Enbridge gives a much rosier picture of growth in oil production in Canada in its pitch for the pipeline than it gave to its investors at a shareholder meeting last fall, Hana Boye told the Joint Review Panel conducting hearings in Edmonton Tuesday.
The higher growth forecast, in public documents filed with the National Energy Board, results in a higher calculation of benefits to the oil industry from the proposed $6 billion pipeline, said Boye.
Boye said the lower growth forecast given to investors at a meeting in Toronto means as much as 500,000 fewer barrels per day by 2020 and therefore much less benefit to the oil industry from the pipeline that aims to carry 525,000 barrels a day of bitumen from the Edmonton area to Kitimat, B.C.
If Enbridge had used the internal, lower forecast it gave to investors, the much touted “price lift” for bitumen that gives oil companies their benefit would not be as robust, said Boye. Enbridge argues the proposed pipeline will secure higher prices for bitumen by opening up new markets in Asia.
Enbridge officials dismissed the difference in the two forecasts as not substantial. The higher forecast comes from the Canadian Association of Petroleum Producers.
The numbers will vary depending on when the forecast is done but the difference is too small to have an impact on whether the project is economically viable, said John Carruthers, top manager of the separate company building the Northern Gateway pipeline.

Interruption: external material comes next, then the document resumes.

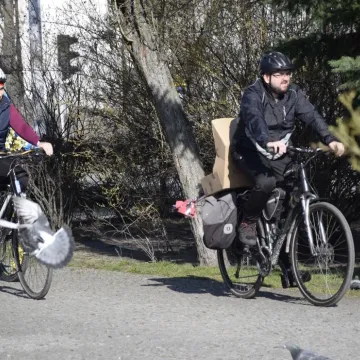 Tradycja na dwóch kółkach. Wiosna przywitana na rowerach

“There could be differences as forecasts change over time, but they all show substantial growth in oil supply from the western Canadian basin,” said Carruthers.
At the October 2011 investors meeting, an Enbridge executive described that forecast as “bullish” and told investors the company’s growth forecast is lower at 4.4 per cent growth in oil production over 20 years.
Boye also said the company has ignored another major cost that comes with the project — the cost of importing large amounts of condensate needed to dilute the thick, sticky bitumen so it will flow in the pipeline.
Until 2008, Canada produced enough condensate to meet demand in this country, said Boye. But it now imports 60,000 barrels a day and that will increase significantly to support the increase in bitumen exports in the Northern Gateway pipeline.
Each barrel of bitumen shipped in the pipeline must be diluted by about 30 per cent. Some producers may also use light crude oil to blend with bitumen, says an Enbridge report.
In its cost-benefit analysis, Enbridge did not calculate the cost of importing condensate because that is a cost borne by companies that ship the bitumen, said Paul Fisher, Enbridge executive.
“We anticipate a need to import condensate but that decision will be made by shippers,” said Fisher.
Enbridge also confirmed it did not do a separate study on the impact of Canada’s growing dependence on condensate imports from the U.S.
Meanwhile, Enbridge told the panel that the company has reversed a pipeline that in the past carried crude oil into the U.S. The Southern Light pipeline will now ship 180,000 barrels a day of condensate to Canada.
Enbridge also confirmed it is applying for two separate permits at the hearing, the export pipeline to ship bitumen and the import pipeline to import condensate into Canada. Each pipeline could go ahead separately depending on what the review panel board rules.
The $6 billion price tag includes construction and operation of both pipelines.
The hearings continue until Sept 28.